- Film poster
- Directed by: Alex Mar
- Produced by: Jack Turner; Cathy Unruh; Nicholas Shumaker; Alex Mar;
- Cinematography: Gregory Mitnick
- Edited by: Andy Grieve
- Music by: Nathan Larson
- Production company: Empire 8 Productions
- Distributed by: Kino Lorber
- Release date: April 22, 2010 (Tribeca);
- Running time: 80 minutes
- Country: United States
- Language: English

= American Mystic =

American Mystic is a 2010 American documentary film by writer-director Alex Mar.
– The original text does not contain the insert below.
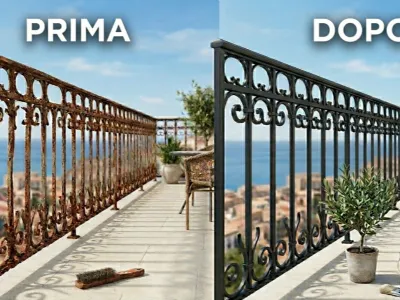 Ringhiera in ferro arrugginita, prima  e dopo il restauro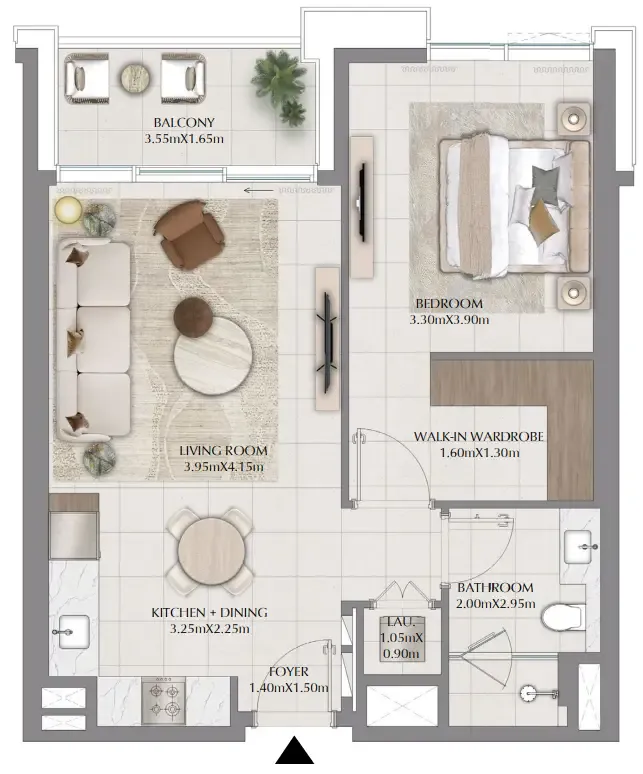 Terra Woods 1 bed floor plan, 746 sqft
It premiered in the documentary competition at the 2010 Tribeca Film Festival.

== Synopsis ==
The documentary follows three young people, each a member of a fringe religious community, who have chosen to make their spiritual practice the center of their lives.

== Subjects ==
The film focuses on:
- Morpheus
  A Pagan priest, or "witch." Morpheus has moved to rural California to create a sanctuary for Pagans in the Bay Area.
- Kublai
  A Spiritualist medium, works on a farm in Upstate New York. He is learning to communicate with spirits through a local Spiritualist community.
- Chuck
  A Lakota Sioux, lives in South Dakota, works in Rapid City, and is raising a child with his wife in their traditional way of life. They take long trips to the Pine Ridge Reservation to participate in their tribe's traditions.

== Production ==
The documentary's production took about two and a half years, completing in early 2010. It was filmed in Upstate New York, northern California, and South Dakota. The movie was edited by Andy Grieve (a collaborator of Errol Morris and Alex Gibney) and scored by composer Nathan Larson (formerly of the band Shudder to Think).

== Release ==
American Mystic premiered in the documentary competition at the 2010 Tribeca Film Festival. It was then shown at the 2010 Albuquerque Film Festival, 2010 American Film Festival in Poland, the San Francisco DocFest 2010, PantheaCon 2011, and at the Clinton Street Theater in Portland, Oregon. It is currently streaming on Netflix.

The documentary also inspired the book Witches of America, by writer-director Alex Mar, published by Farrar, Straus & Giroux in October 2015.